→ **WORK TASK**
Copy out the lines beginning with the one that contains "Hammyville -かわいいハムスター ジグソーパズル (縦)" and ending with the last line below, exactly as they stand. Pictures are not copied.

[Brief descriptive captions]
--------------------------------------------------
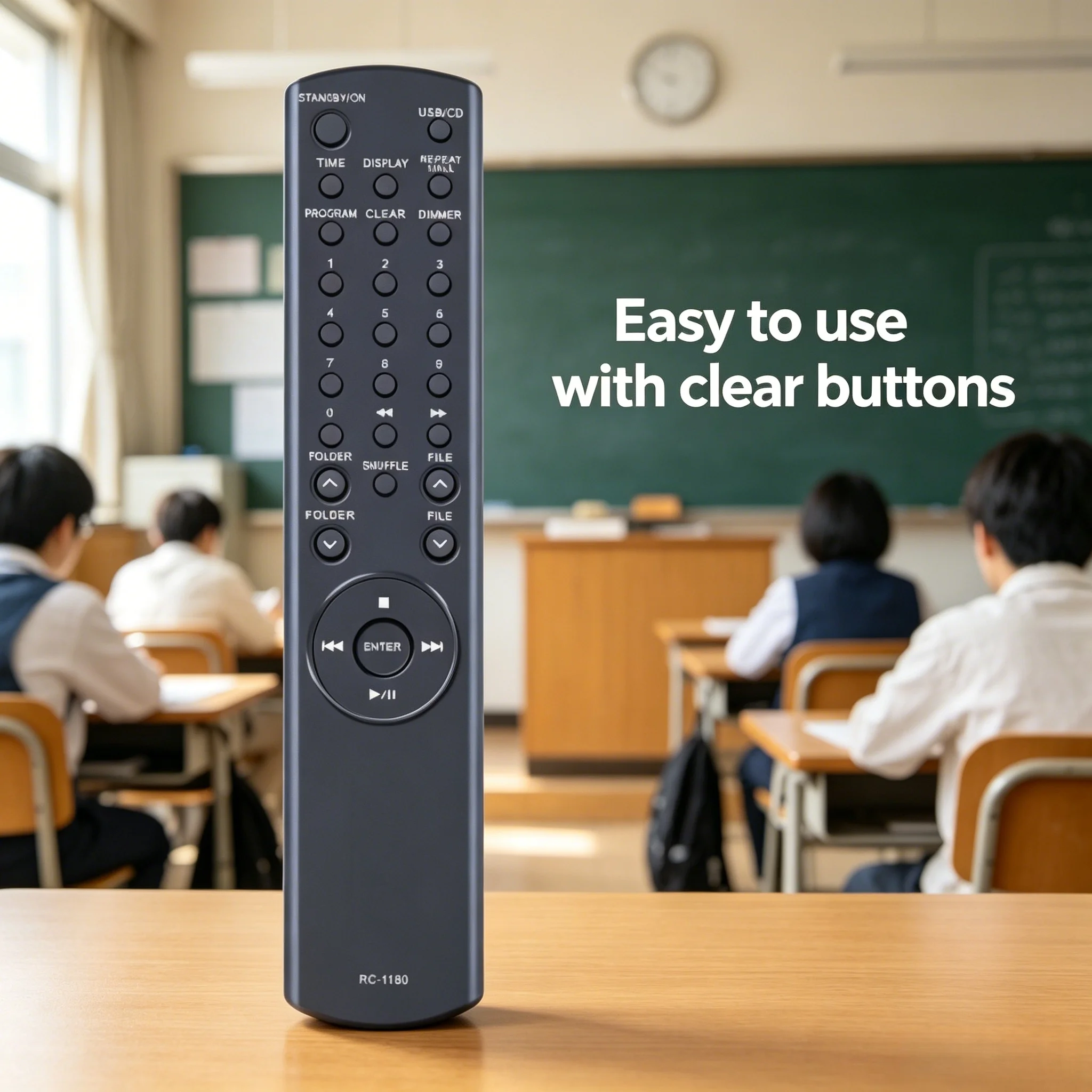 

RC-1180 Replacement Remote Control for Denon AVR-X2000 AV Surround Receiver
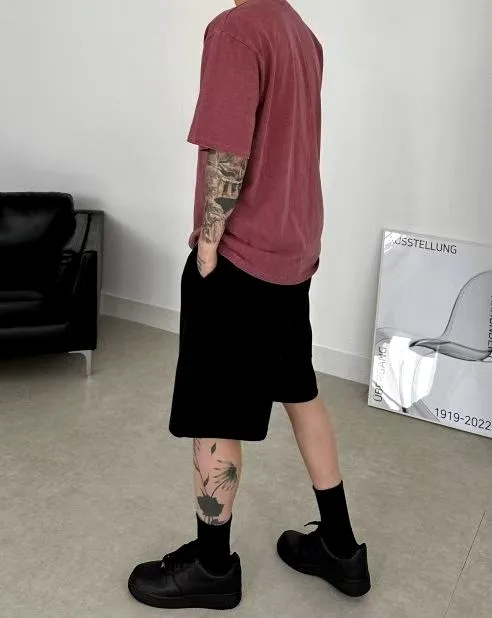 Stylish Men's Cargo Shorts - Comfortable and Breathable for Summer Wear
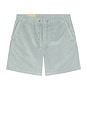 view 4 of 5 Essential Corduroy Shorts in Hull Teal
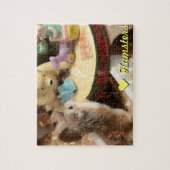 Hammyville -かわいいハムスター ジグソーパズル (縦)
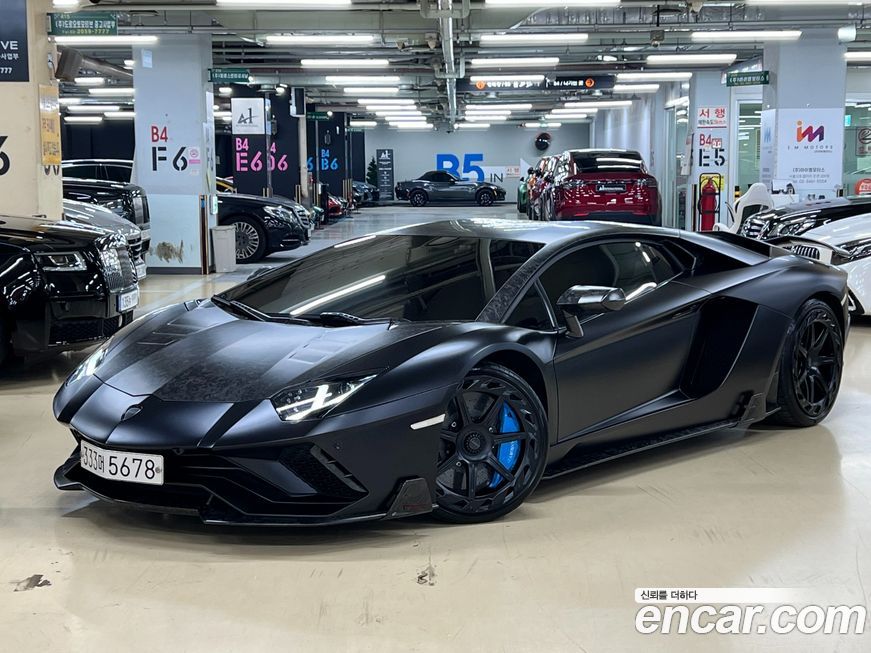 Lamborghini Aventador 2018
--------------------------------------------------
→ **EXERCISE ANSWER**
 Hammyville -かわいいハムスター ジグソーパズル (縦)
 Lamborghini Aventador 2018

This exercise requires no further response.